I got the right answer, however I am confused on one of the first steps.
I say q1 will be positive and q2 will be negative and Columbs law is set like this:

F=-(k*q1*q2)/r[SUP]2[/SUP]

My question is why is this negative and for qfinal it is positive when setting up Columbs law.
I hope I was clear enough in this question.

 

[davo789]

If I have understood your question correctly, you are wondering why the force is 'negative' when the two spheres are attracting, and 'positive' when they are repelling each other.

What you need to remember is that the force is a vector, and as a result, it has a direction. You have essentially calculated the force experienced by the 'right hand' sphere. Because it is being attracted to the 'left hand' sphere, it feels a force in the '-x' direction, hence the minus sign. There is another term in this formula called the 'unit vector', which dictates which direction the force points, but you don't really need to worry about it; without it, you can neglect the signs of the charges, since you are only interested in finding the magnitude of the force.

 

[RandellK02]

If I have understood your question correctly, you are wondering why the force is 'negative' when the two spheres are attracting, and 'positive' when they are repelling each other.

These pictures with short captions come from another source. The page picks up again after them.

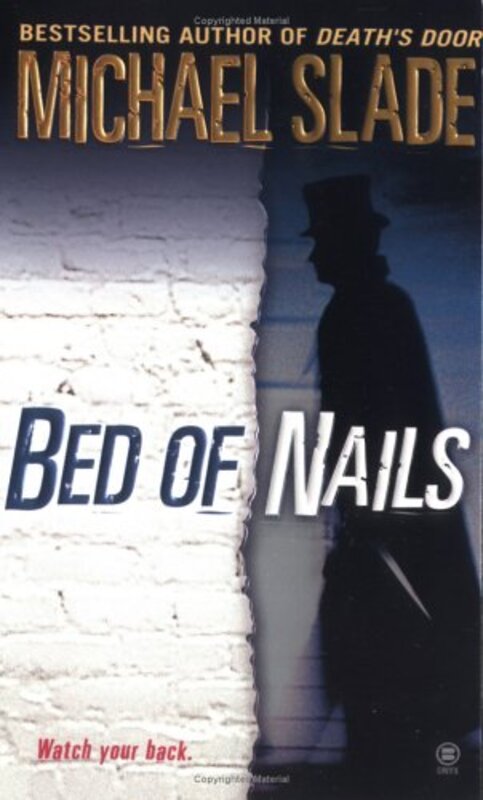 Book cover for "Bed of Nails" by Michael Slade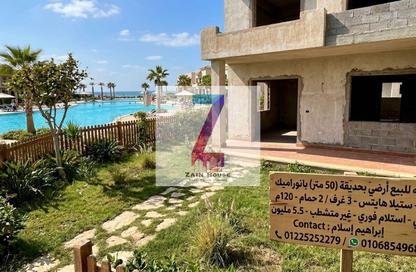 شاليه - 3 غرف نوم - 2 حمامات للبيع في ستيلا هايتس - العلمين - الساحل الشمالي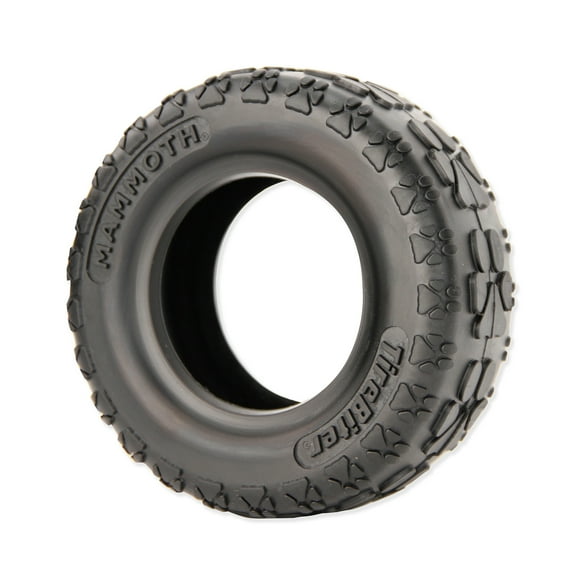 Mammoth TireBiter Advanced Rubber Dog Toy, Large, 6"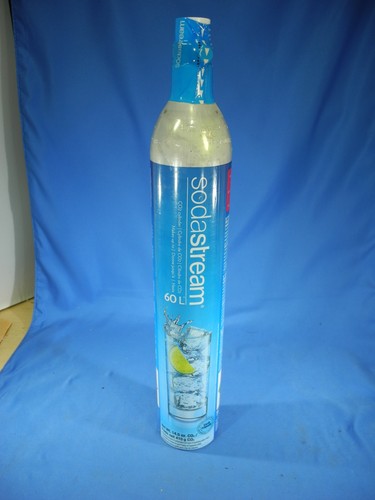 Cilindro alluminio blu co2 - cilindro,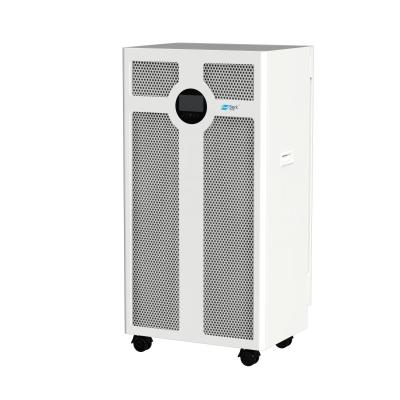 China 12 Months Filter Life Indoor Air Purifier with CADR 460 M3/h Activated Carbon for sale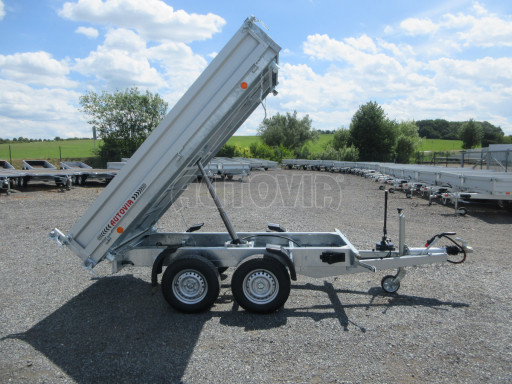 Třístranný sklápěč VER 3SKS 2,7T 2,65x1,55/0,30 ruč č.23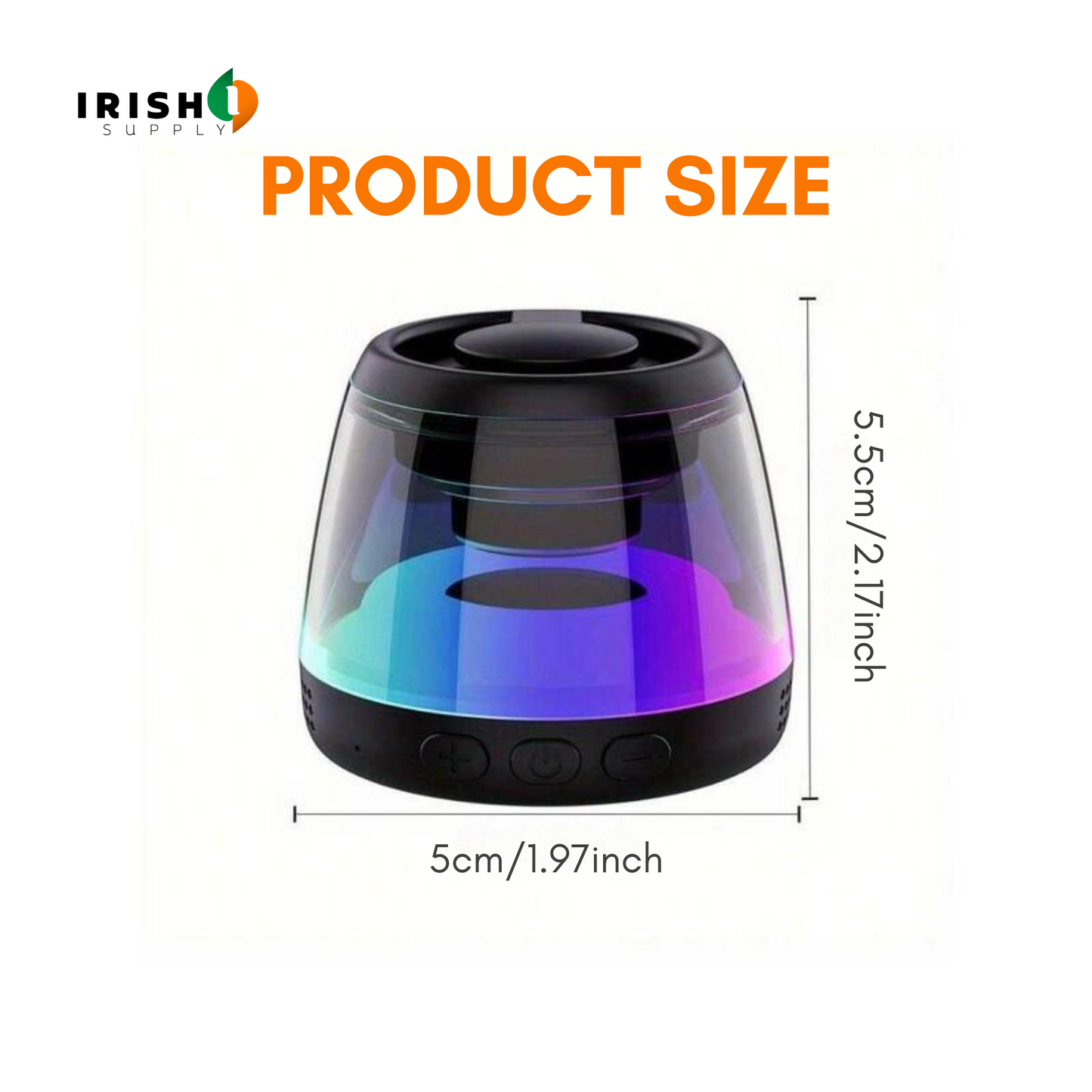 SOUNDRING Wireless Sound Box Magnetic Bluetooth Speaker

What you need to remember is that the force is a vector, and as a result, it has a direction. You have essentially calculated the force experienced by the 'right hand' sphere. Because it is being attracted to the 'left hand' sphere, it feels a force in the '-x' direction, hence the minus sign. There is another term in this formula called the 'unit vector', which dictates which direction the force points, but you don't really need to worry about it; without it, you can neglect the signs of the charges, since you are only interested in finding the magnitude of the force.

Ok I see now, thanks for the reply and sorry if I wasnt clear.

 

[davo789]

Glad I could help! :)

 

[rwisz]

I can provide some clarification on conducting spheres and the use of Coulomb's law in this scenario. First of all, it is important to understand that Coulomb's law describes the electrostatic force between two charged particles (in this case, the conducting spheres). The negative sign in the equation represents the attractive force between opposite charges, while a positive sign represents the repulsive force between like charges.

In this scenario, the spheres are initially attracting each other, which means that one sphere must have a positive charge and the other must have a negative charge. This is why q1 is positive and q2 is negative in the equation. When the spheres are connected by a conducting wire, the charges are able to flow between them, equalizing their charges and resulting in a repulsive force. In this case, both spheres will have the same charge, either positive or negative.

To determine the initial charges on the spheres, we can use the equation for Coulomb's law and solve for the charges. We know the force, the distance between the spheres, and the value of the Coulomb constant (k). By plugging in these values and solving for the charges, we can determine their initial values.

I hope this explanation helps to clarify the use of Coulomb's law in this scenario and why one charge is positive and the other is negative. It is important to remember that the signs in Coulomb's law represent the type of force (attractive or repulsive) between the charged particles, not the actual charge itself.